And Justice for All... "Dredd" ist ein knallharter Actionstreifen in einer Zukunft die vor Dreck stinkt. Geile Szenarien und eine erdrückende Stimmung machen den Film zu einem soliden Streifen. Leider sind die Dialoge stellenweise sehr dämlich und auch die Spezialeffekte sind teilweise mehr als mies (Blut)andererseits aber auch sehr gut gelungen (Slow Motion). Die Schauspieler sind für diesen Sci-Fi Actionfilm gut besetzt. Fazit: Knallharte Sci-Fi Action mit wenig Niveau und noch weniger Gnade :)
Dredd fängt wirklich stark an. Die Erwartung, dass hier ein brutaler, saucooler Actionreißer entsteht, wird durchaus geweckt.
Nach der Szene mit den Miniguns, die fast ein ganzes Stockwerk verwüsten, denkt man sich - Geil, was jetzt wohl noch alles kommen mag! - Ich habe weitere Action erwartet, mit ordentlich Wumms und cool gesetzten Zeitlupen.

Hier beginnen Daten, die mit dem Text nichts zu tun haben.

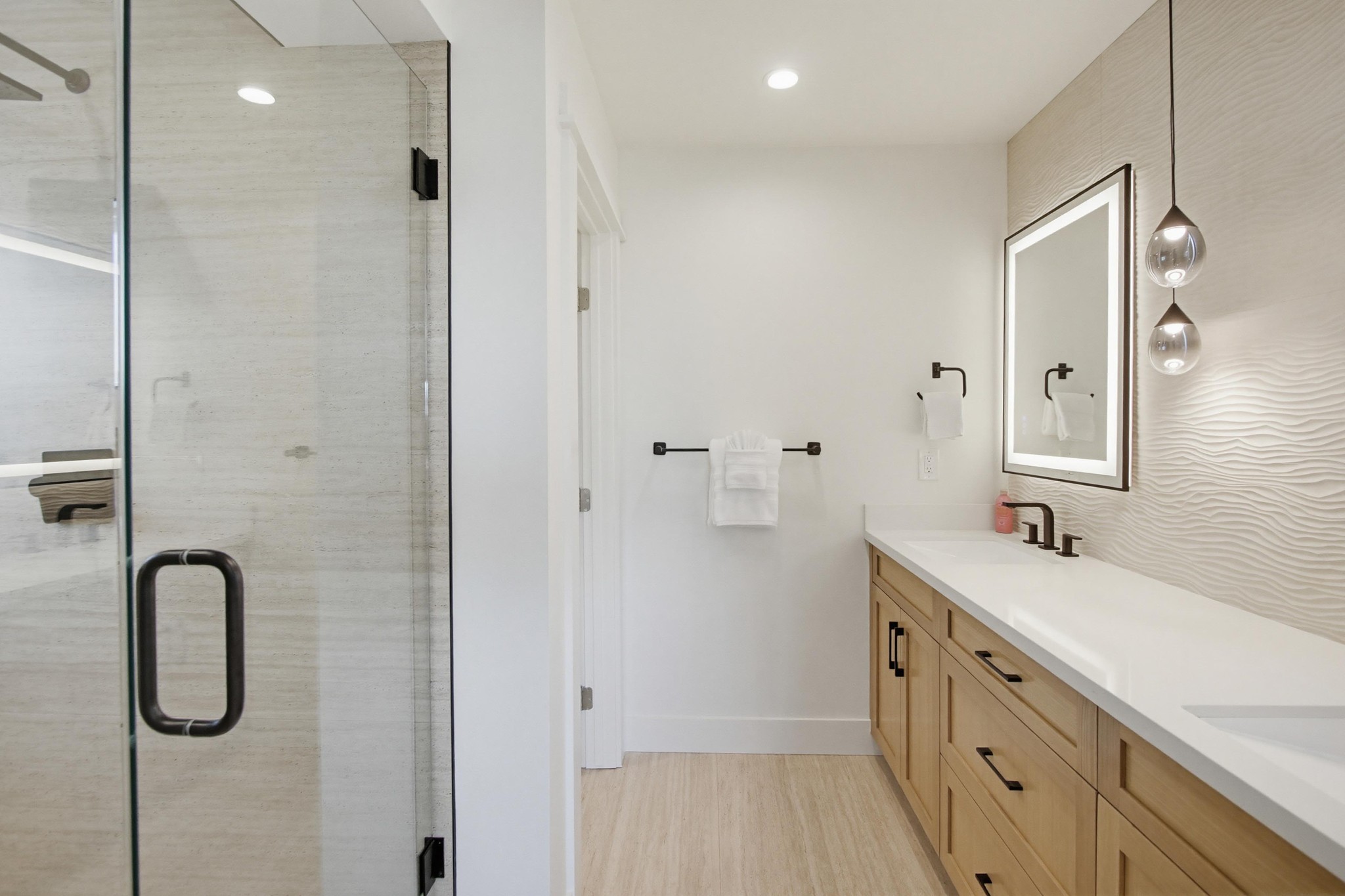Virtual tour photo 28 of 66 for 851 Wilbur Ave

Gerade Letzteres hat sich geradezu aufgedrängt.
Doch leider ist diese Szene bereits das Highlight. Neue Ideen sind Fehlanzeige, der Film fängt an vor sich hin zu dümpeln. Das Ganze gipfelt in einem unglaublich unspektakulären und langweiligen Finale. Die große Gegenspielerin Ma-Ma bleibt sowieso leider viel zu oberflächlich.
Was bleibt also unterm Strich? Ein durchschnittlicher Actionfilm, der sein Potential bei weitem nicht ausgenutzt hat. So ist er lediglich für Genrefreunde mit starkem Magen einen Blick wert. Diese werden aber nicht enttäuscht sein.

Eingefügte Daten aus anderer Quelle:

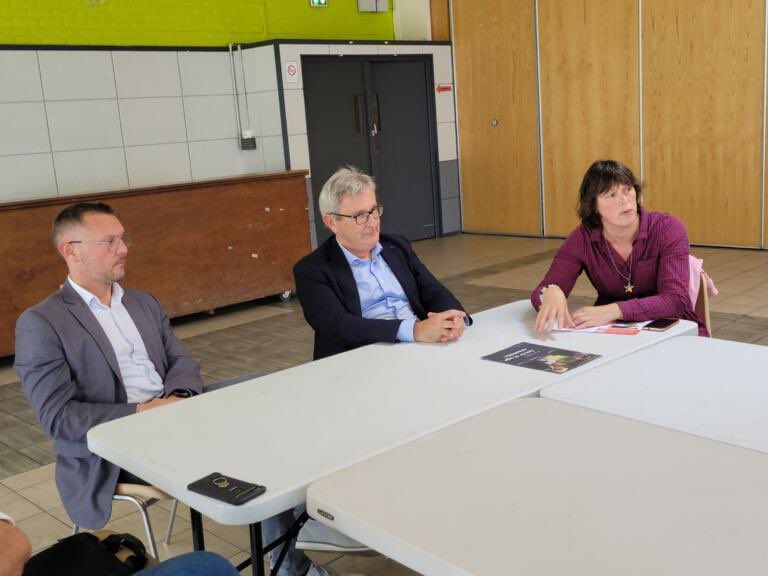 BertrandRingot's tweet photo. Très heureux de passer un moment d’échanges et d’amitié de longue date à @SaintPolsurMer avec les collègues de la municipalité réunis autour de son #Maire Christophe #Claeys. Merci de son accueil . https://t.co/VitGPa1zIt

Guter Actionfilm mit guten Effekten und sehr guten 3D Slomomotion Szenen. Wenn man den Film nur auf Stereo und ohne 3D ansieht hätte ich ihm 4 Sterne gegeben
Ich glaube ich werde zu alt für solche Filme, oder ich bin ein Weichei. Die Darstellung der Gewalt und die Coolness der Darsteller war schon sehr extrem. 18-jährige sind dafür noch zu jung. Ich würde ihn erst ab 39 freigeben, aber dann würde wohl keiner mehr reingehen. Anfangs war ich noch gespannt und voller Erwartung, aber je länger der Film dauerte umso mehr hat er nachgelassen. Etwas weniger Gewalt, mehr Feinheiten und Raffinesse hätte dem Film gut getan. Übrigens waren das 2 komplett unterschiedliche Filme "Judge Dredd" von 1995 und der "Dredd" von heute. Nicht miteinander vergleichbar.

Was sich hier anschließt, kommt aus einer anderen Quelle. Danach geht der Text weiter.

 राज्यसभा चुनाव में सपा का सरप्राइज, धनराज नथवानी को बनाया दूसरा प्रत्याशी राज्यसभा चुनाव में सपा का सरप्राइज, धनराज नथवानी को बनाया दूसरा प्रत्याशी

Woher kommen all die guten Kritiken? Die 3D Effekte sind reiner Selbstzweck und völlig unerheblich! Von Karl Urban sieht man nur das Kinn und daraus kann man sehen das er aufs Klo muss oder das Drehbuch nicht mag! Besser als die Stallone Version...na ja..die war wenigstens ironisch! Ans Comic kommt man eben in beiden Filmen nicht ran...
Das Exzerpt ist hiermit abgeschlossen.